Dinette seat

Larry Patrick

New member
Wife is tired of pinching fingers lifting seat off and on . Wondering if anyone ever cut in a door so you can access without lifting seat off each time? Might cut a 8x8 or 12x12 cabinet syle door in fiberglass side that faces hallway. Wondering if it is strong enough to sit on after cutting access hole?Will need hinges and latch any suggestions?
 
Aft or forward I don't think it would be a structural issue. I cut in an access hatch under the aft seat on our 22 and below the feet on our 25. If you keep 2''' or 3'' margins you should be fine. Place the hatch cover where you want it, tape it in place and pencil around the cutout. Drill a hole and go after it with a gigsaw, rotozip or Sawzall. Should be an easy install.
 
We modified the seat areas for both the forward dinette seat as well as the aft dinette seat. Here's what we did:

Forward seat. Rather than cut-in a hatch and install louverd door, we cut the hole (about 12' x 12" as I recall) then took a piece of matching Sunbrella and sewed hem's around all four edge's. We then put snaps on all four corners and screw-in snap in the area around the hole. Works like a charm, and Really makes getting stuff in and out of the compartment MUCH easier. ...no more pinched fingers.
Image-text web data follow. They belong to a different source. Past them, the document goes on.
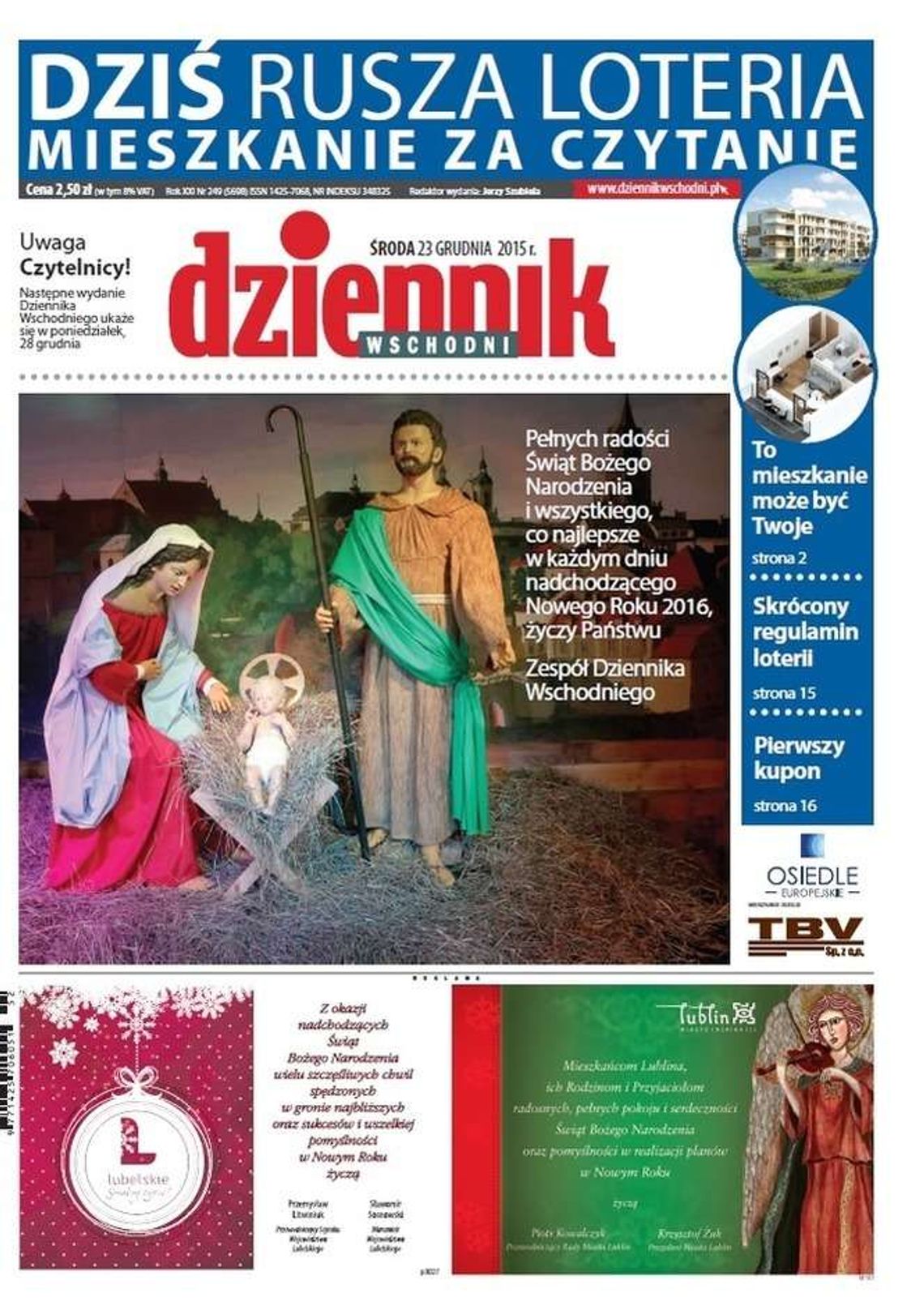 Pierwsza strona Dziennika Wschodniego z 23 grudnia 2015 roku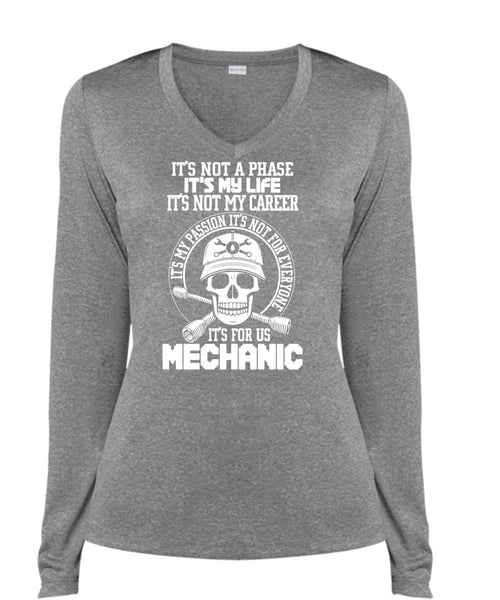 It's For Us Mechanic T Shirt, It's Not My Career T Shirt, Cool Shirt (Ladies LS Heather V-Neck)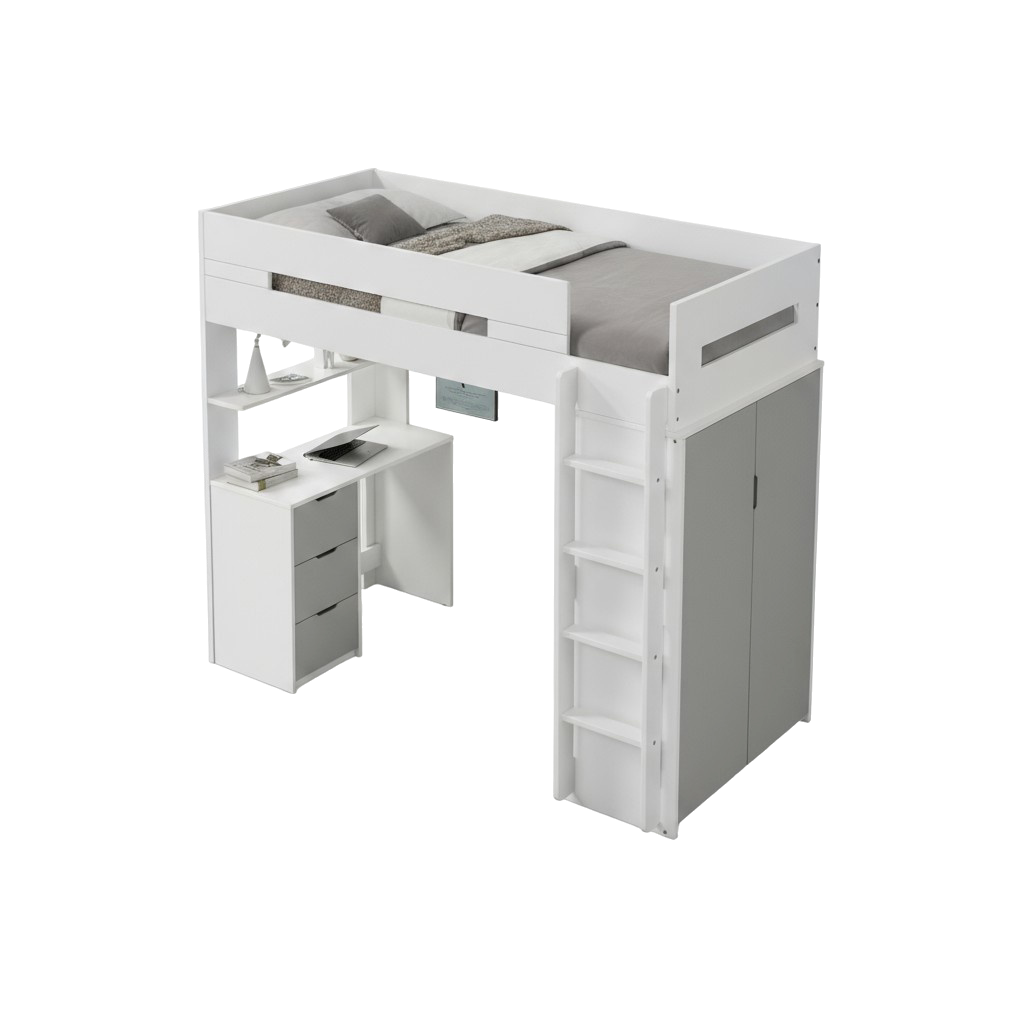 White And Gray Twin Loft Bed And Desk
Aft seat. We took the hard backed seat cushion out. We removed all the staples holding the cushion to the board. Then took the cushion to an upholstery shop and had them make the cushion in to a 'regular soft cushion (no hard back). I then took the board and cut about 4" off the back edge (you want enough so it's a little wider than the back support cushion). That piece was screwed to the rear portion of the seat bottom (up against the aft cabin bulkhead). We then took a length of "piano hinge" and affixed it to the raw edge and the remaining part of the original seat base. That gives you a hinged seat base where you can install the newly covered seat cushion. Works very well. (Remember to paint the newly hinged lid before you do the subsequent installation.)

Rereading this it sounds rather awkward (I was never a technical writer...). Hope you can understand.